» **EXERCISE OBJECTIVE**
Below is a block of records; reproduce all of them exactly and leave out any pictures.
*** Opening TASK INPUT ***
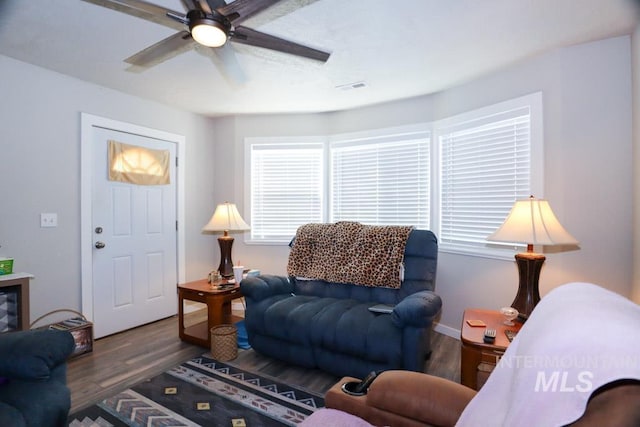 living room with visible vents, a ceiling fan, and wood finished floors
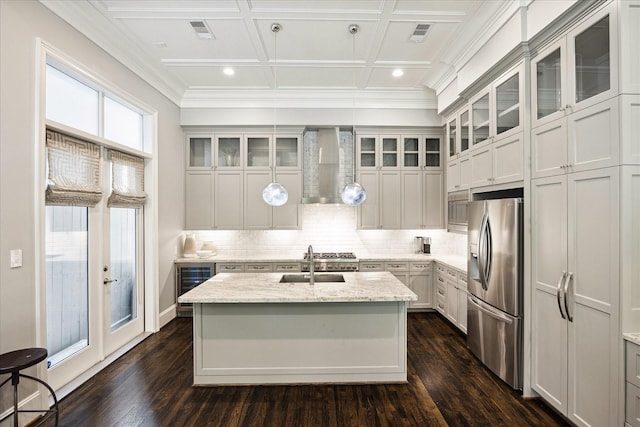 kitchen featuring stainless steel fridge with ice dispenser, wall chimney exhaust hood, beverage cooler, a sink, and dark wood-style flooring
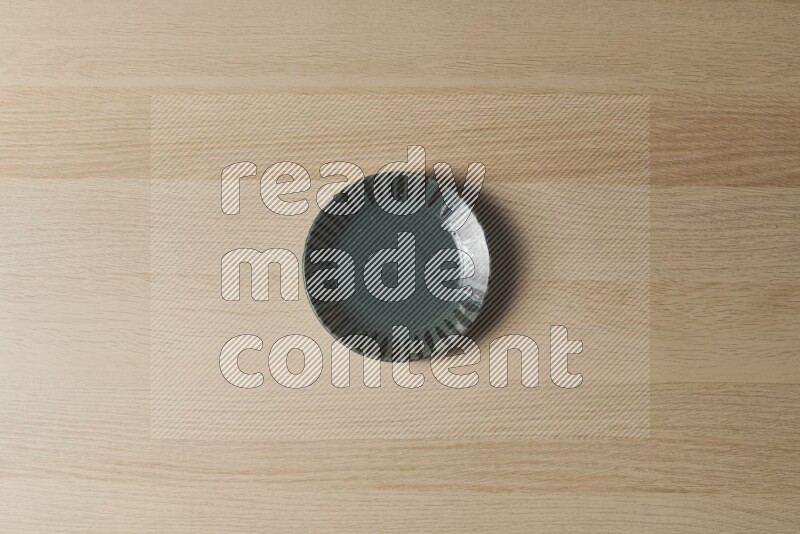 A dark green pottery plate on light wooden background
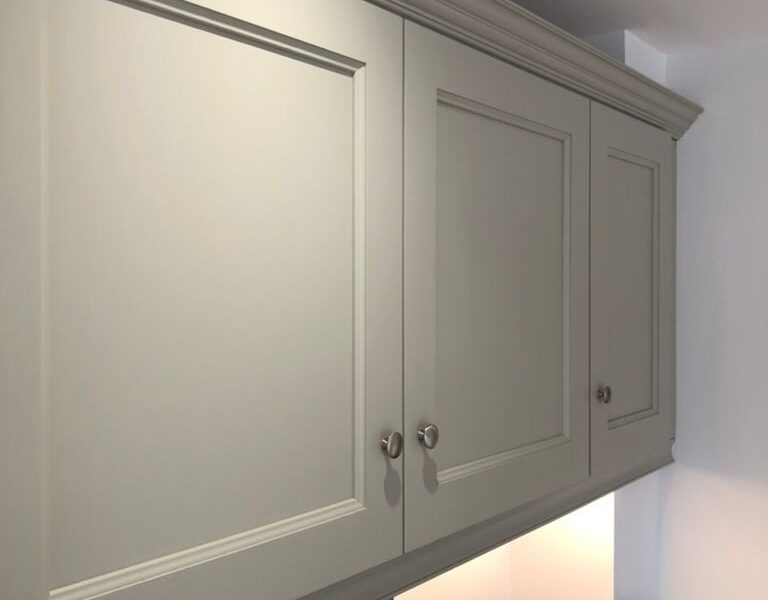 Grey shaker kitchen wall cabinets with underlighting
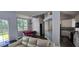 Open-concept living room featuring hardwood floors, dining area, and adjacent kitchen at 8612 Valley Ridge Ct, Orlando, FL 32818
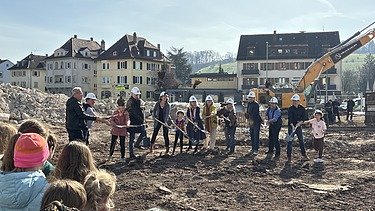 Erwachsene und Kinder, die mit einem Spaten Erde in die Luft werfen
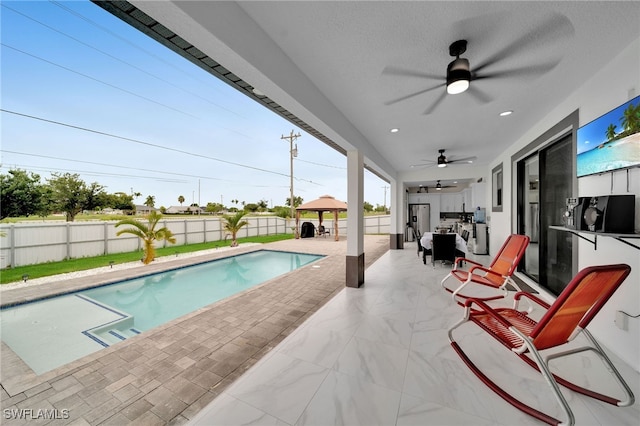 view of pool with a patio and ceiling fan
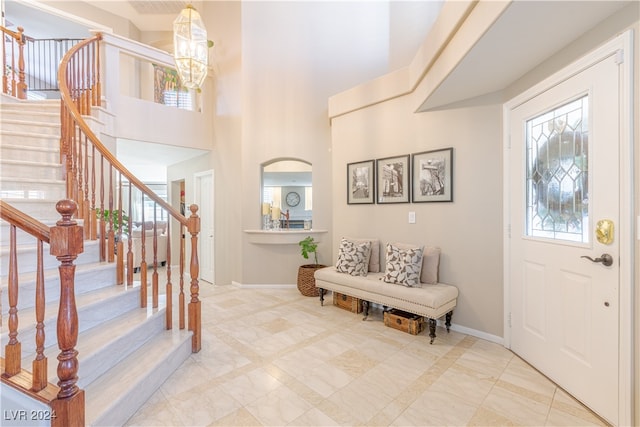 entrance foyer with a high ceiling and an inviting chandelier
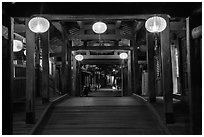 View through the inside of Covered Japanese Bridge at night. Hoi An, Vietnam (black and white)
*** Closing TASK INPUT ***
» **SOLUTION BELOW**
 living room with visible vents, a ceiling fan, and wood finished floors
 kitchen featuring stainless steel fridge with ice dispenser, wall chimney exhaust hood, beverage cooler, a sink, and dark wood-style flooring
 A dark green pottery plate on light wooden background
 Grey shaker kitchen wall cabinets with underlighting
 Open-concept living room featuring hardwood floors, dining area, and adjacent kitchen at 8612 Valley Ridge Ct, Orlando, FL 32818
 Erwachsene und Kinder, die mit einem Spaten Erde in die Luft werfen
 view of pool with a patio and ceiling fan
 entrance foyer with a high ceiling and an inviting chandelier
 View through the inside of Covered Japanese Bridge at night. Hoi An, Vietnam (black and white)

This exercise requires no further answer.